温泉は、多くの恵みと恩恵をもたらしました。その温泉を近隣に知りつつ、日常的にその恩恵に浴せない人々が、常に湧き出る湯の地を羨望し、暖かい水を渇望したことは、大いにありうると思います。その切実さは現代の我々の想像を絶するものがあったことでしょう。この、持たざる者の渇望が、土器という偉大な発明をもたらしたのではないか。このように、私は土器発明の動機についての想いを巡らせました。


3. 人類史から見た土器の発明

以上のことを考えた末に、もう一つ、別な問題に気がつきました。

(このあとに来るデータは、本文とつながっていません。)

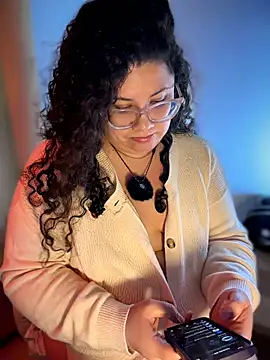 Snapshot of VanesssaMilf_ chatting on 05/14/26, 08:43 VanesssaMilf online show from 05/14/26, 08:43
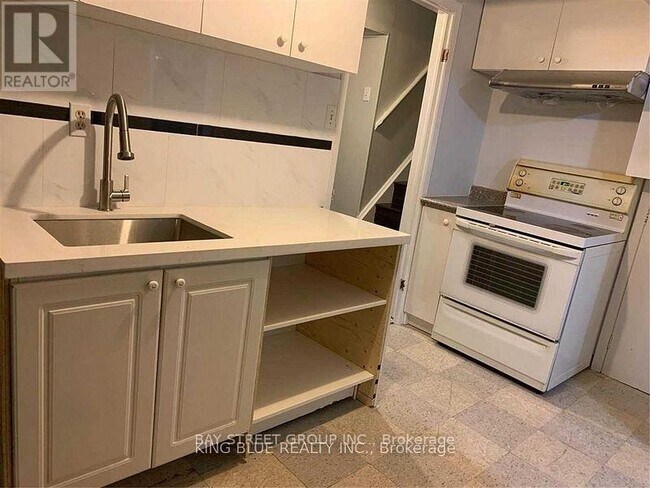 Photo du bâtiment - 26 Deepdale Dr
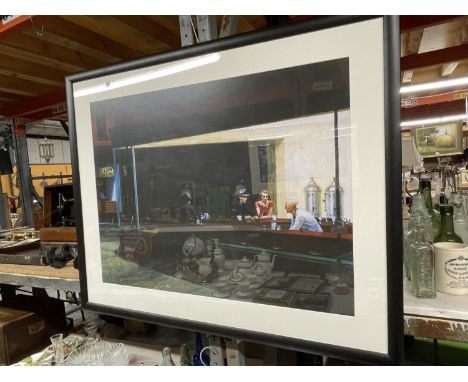 A LARGE FRAMED PRINT OF A VINTAGE U.S. DINER 98CM X 79CM 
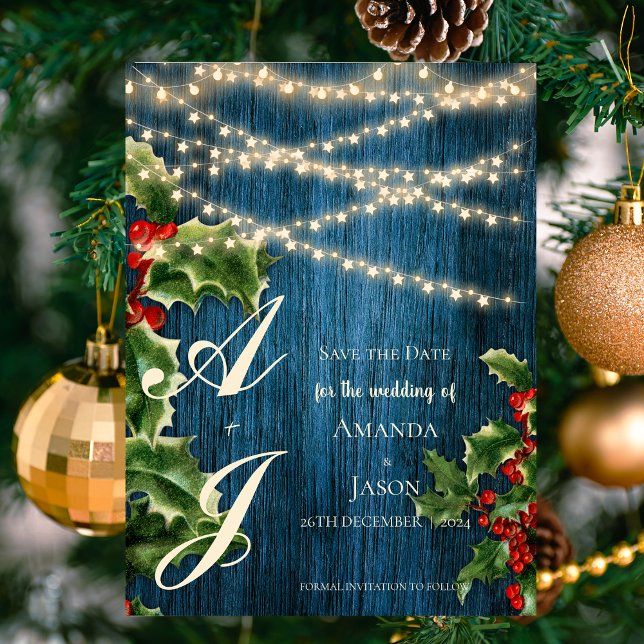 Blue Wood Monogram WeihnachtsWedding Save the Date Einladungspostkarte (Blue Wood Monogram Christmas Wedding Save The Date Invitation Postcard)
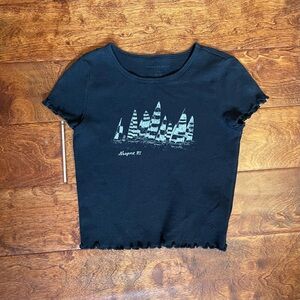 Brandy melville Newport baby tee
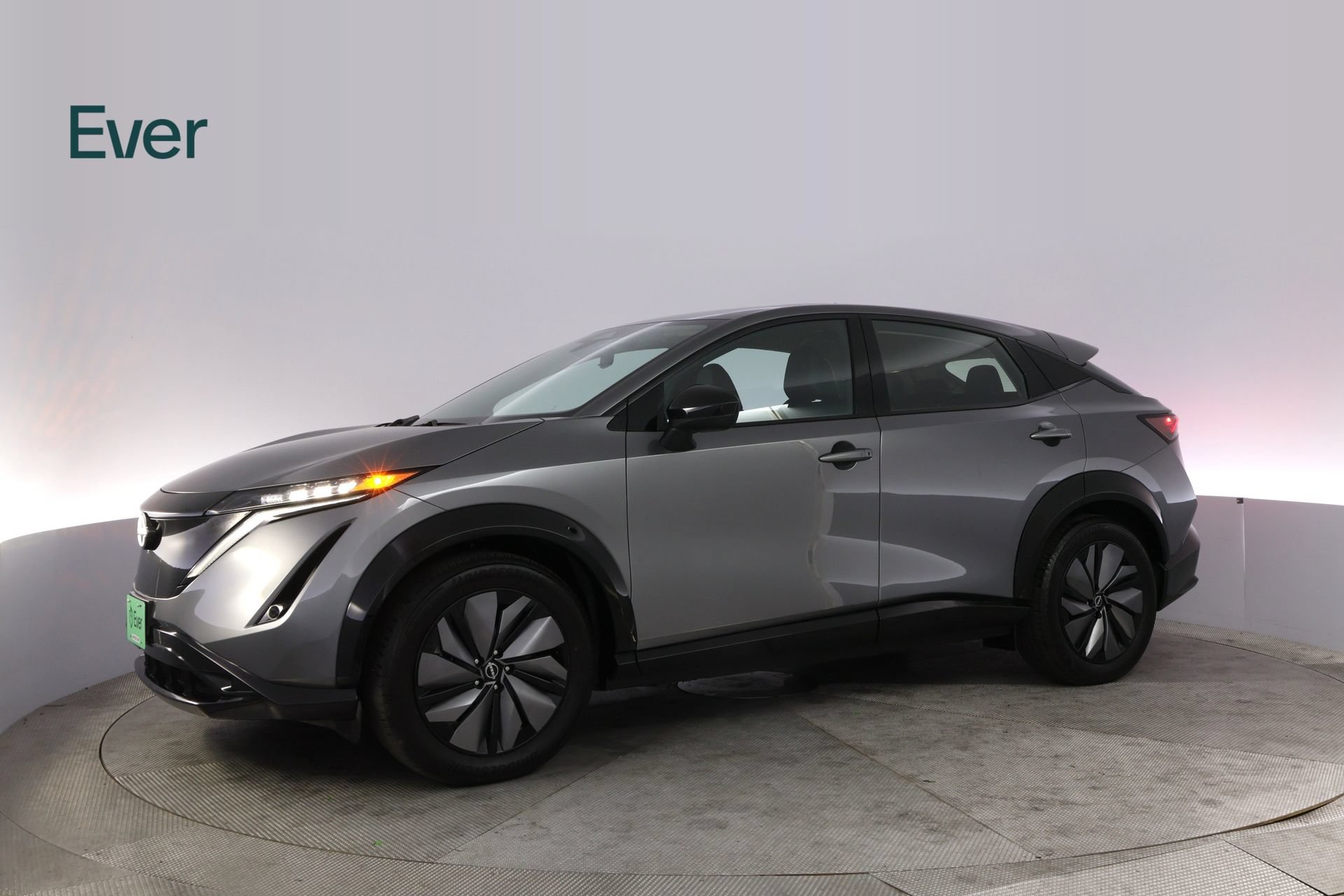 Used 2024 Nissan Ariya AWD image 18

それは、現代の子供たちの食生活について、固いものを食べない習慣が定着して顎の骨や筋肉が退化し、脳の活動に悪影響を与えるのではないか、という懸念する記事があったことです。この、食生活の変化によって顎の筋肉が退化するという問題は、まさに猿から人間に進化する過程の中でも起こったのではないでしょうか。先行人類、原始人類は、道具としての火を「発見」し、肉や植物を焼くことによって、顎にかかる負担を大幅に軽減させたことでしょう。また、消化が良くなることにより肉体的な負担の軽減が起こり、「余暇」が生まれる、という指摘も重要です。ゴリラでは食べた後の休憩時間が長いのだそうです。食後の消化は肉体的な負担が大きいのです。マンモスなど大型哺乳動物の絶滅は人類によるものだと考えられており、高い狩猟能力と余暇の発生は、人類の精神生活にも影響を与えたに違いありません。

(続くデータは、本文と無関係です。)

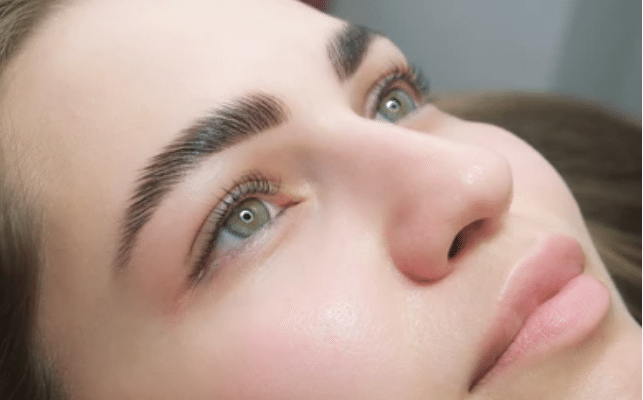 زراعة الحواجب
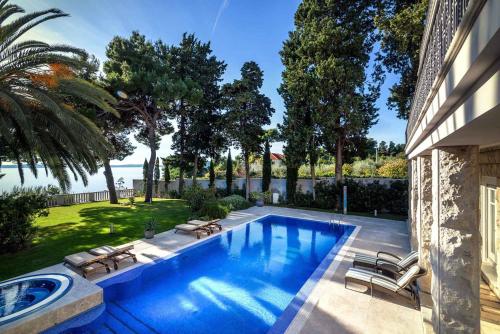 Villa Mestro 5 Bedroom Historical Villa Sea Front with Sea Views Perfect for Families — 4-Star Luxury Hotel in Split, Croatia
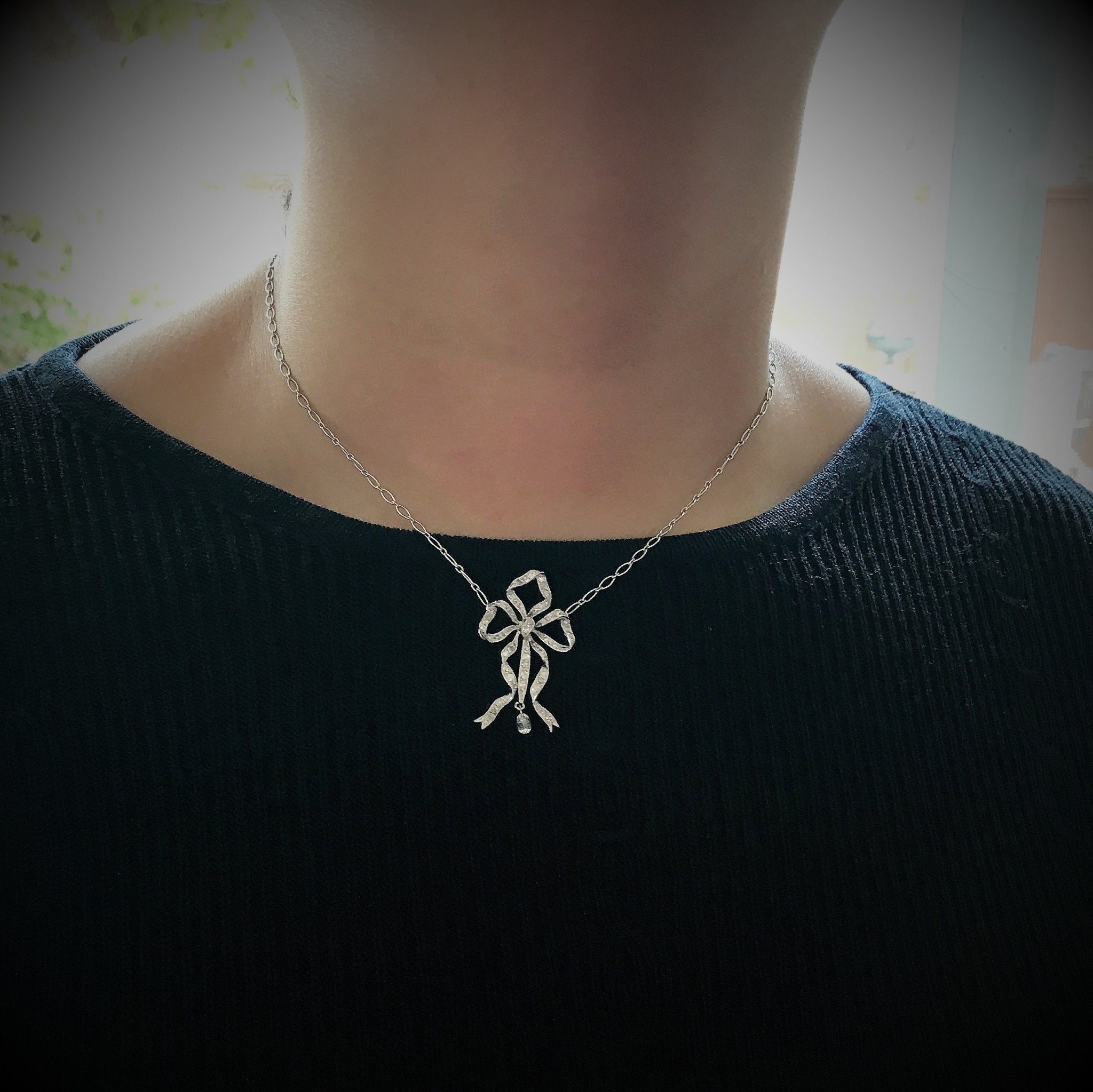 1.98ctw Edwardian Fancy Pave Bow Necklace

考古学からは火の使用は百万年前にはあったと見られています。南アフリカの洞窟から火で焼けた獣骨が一カ所にまとまって発見されました。現代人の脳の構造は、三万年前には完成されていた、という説がありますが、土器の発明は今のところ一万六千五百年前です。すると土器による顎の筋肉と頭蓋骨への変化は、さほどでもなかったこということでしょうか。しかし、植物にしろ肉にしろ、土器という鍋で火を通すことにより、栄養の吸収と消化が良くなるならば、それは肉体への効果だけでなく、消化の負担が減ることで「余暇」と言う名の精神生活の拡大をもたらしたことでしょう。それによりもたらされた「豊さ」は、今日の文明へと通じる、人類にとって大きな、新しい世界であっただろうと思います。

土器の発明から始まる工業生産の歴史は、鉄器の発明にいたって急速な進歩を人間にもたらしました。私は人類が獲得したその特性は、人間よりも遙かに身体能力に優れた動物たちと、火と石で対峙し、知恵と努力で生き抜いてきた、旧石器時代の祖先達の、長い苦闘の賜物であると思っています。脚力、腕力など運動能力で劣る人間は、観察し、考え、工夫し、勇気と共同作業で獲物を捕らえ、自らを守ったことでしょう。失敗が死にもつながる中での集中力と行動力、命と存続をかけた、私たちの先祖の生存の闘いが、人類としての資質を育んだことでしょう。ささやかな道具と考える力で自然界に於ける人類の優位性を築き上げてきた、旧石器人の努力、知識活動の蓄積と発展が、その後の文明発展の礎となったことに感謝しなければならないと思います。

石器と火で生き抜いた旧石器人、私たちの祖先が真剣に生きて、知恵を絞って工夫したからこそ、土器の発明を成し遂げ、それが、人類を今日の繁栄へと至らしめてくれました。現代の繁栄の礎は旧石器の人々が築いてくれた。土器の発明は、その旧石器時代の人々による人類の輝かしい進歩の一ページとして特筆大書されるべきことだと思う次第です。